The statement reads, in part: "We stand in solidarity with the vast majority of the people of Ballymun in opposing the abuse and hatred directed at refugees and asylum seekers in Ballymun over the last few days.
"Men, women and children, be they residents or newcomers, should not fear for their safety in their homes or on our streets."
Philly, who is one of the signatories, told The Hard Shoulder he reached out on social media to understand what was going on.
"People that posted back - it was very interesting for me - it was over 800 comments," he said.
"So I wanted to learn the other side of it as well; also I wanted to see - there was a lot of people talking about misinformation and maybe some right-wing extremists getting involved.
Joint statement by Ballymun representatives 🙌
We are stronger together.#ballymunforall 🤝🏻🇮🇪 pic.twitter.com/Y2bIEfYuXi
— Philly Mc Mahon (@PhillyMcMahon) January 12, 2023
"I'm from Ballymun, so playing with the Dubs for long enough - we've had a saying where we stand on the shoulders of giants.
"Certainly community activism in Ballymun has been massive, because of the problems and the neglect we've had from Governments over the years.
"I think it was right for me to just understand people a bit more in the area, and I was very grateful to be able to be a signatory for the Ballymun For All".
'We need to come together'
Philly said he wanted to help address people's concerns.
"A lot of those people that originally went to the protest on day one, a lot of them are actually not going to the protests anymore - I'm proud to say that," he said.

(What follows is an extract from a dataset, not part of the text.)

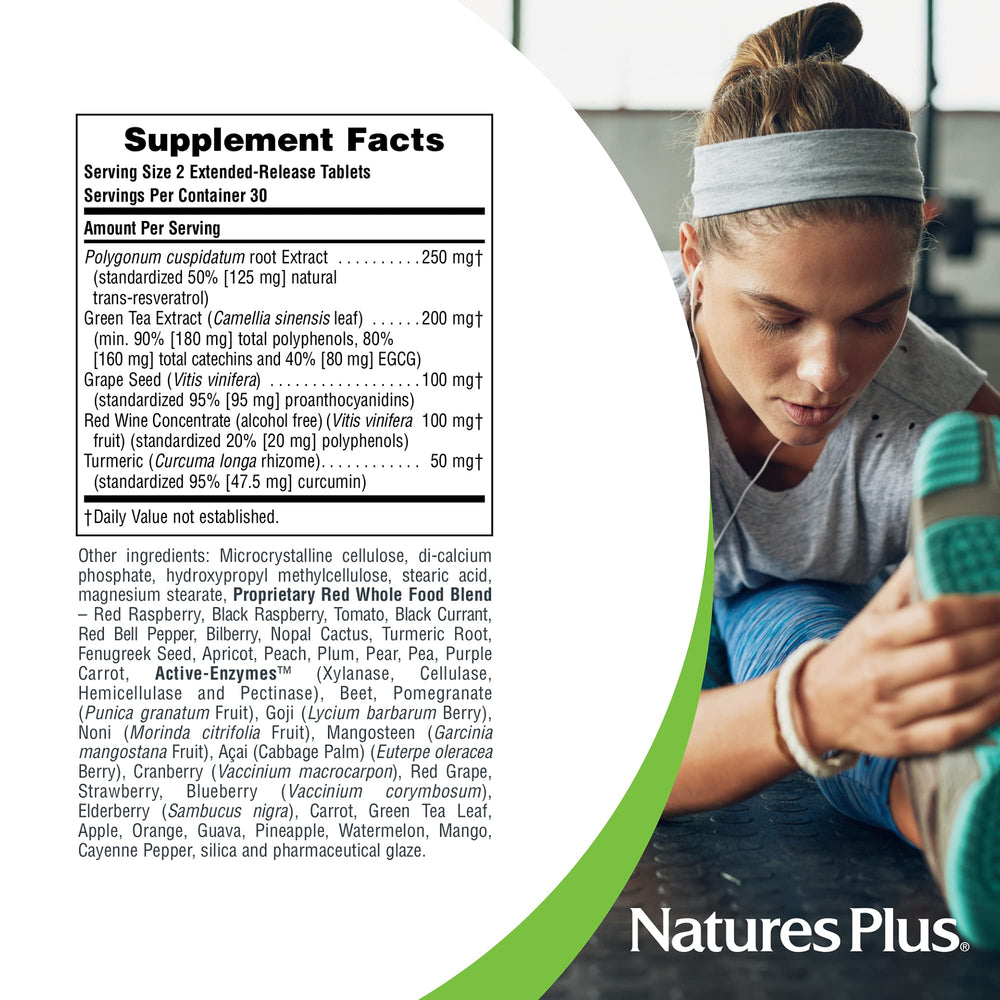 125 mg Resveratrol extended-release tablets in bottle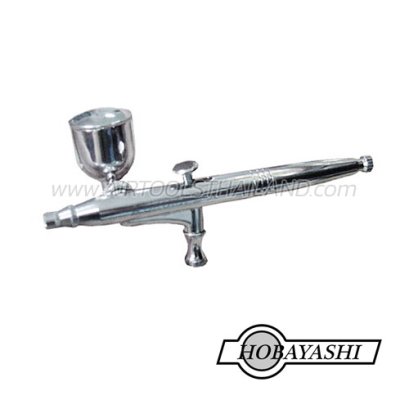 B-3G แอร์บรัช (กระป๋องแยก) ขนาดปากพ่น 0.3 มม. ขนาดถ้วย 5CC แรงดัน 1-2.5KG/CM3 HOBAYASHI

"There's a lot of people contacting me that are open to say 'I'm learning a little bit more, and I'm not getting involved in those protests - but I'm still concerned of these things'.

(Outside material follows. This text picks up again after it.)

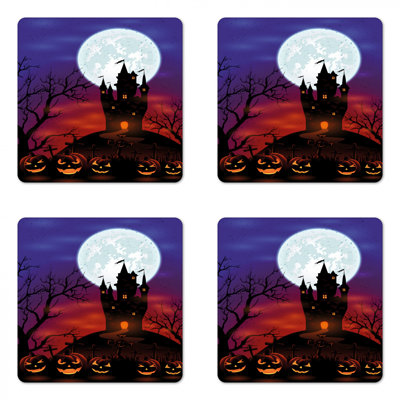 Square 4 Piece Coaster Set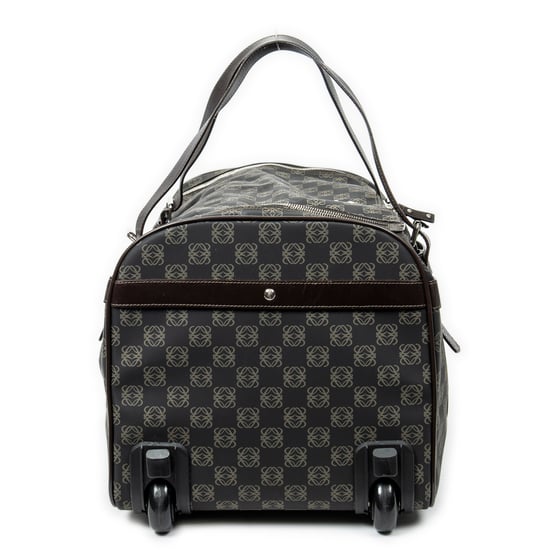 Loewe Vintage Anagram Suitcase en Negro/Beige Lona recubierta - Image 4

"That's great, but we need to come together as a community even tighter now and see what we can do to impact the concerns you have."
'If we were in war in Ireland'
He said it is important to understand why people are coming here.
"There's a hotel that accommodates families and an apartment block that accommodates unaccompanied males - not single, unvetted males.
"A lot of the people that were probably protesting originally - what I've seen on my post is - they didn't understand reunification or repatriation.
"I think that piece of education is very important.
"I was trying to make the point that... if we were in war in Ireland, and your only option really was to illegally send somebody across the Irish Sea to a safe country in the UK, who would you put in the dinghy going across the ocean?
"It's very expensive, it's very dangerous and I think it's very important for people to realise if they're taking those extreme risks, they're just people looking for safety".
'Who are these people?'
Philly said people in the area "have turned a corner" against misinformation.
"There's a lot of people turning their backs on these people because they can see them a mile away," he said.
"These people are saying they're organising these events, and having this amount of people in Ballymun and they're speaking at the protests.
"I'm sure people that were there originally are saying 'Who are these people talking... what have they actually done for Ballymun? What have they done around homelessness? What have they done around criminality?'
"These are people saying 'Protect Irish women against refugees', and the same people opposed abortion rights.
"People in Ballymun are coping on to these people, and I think that's important," he added.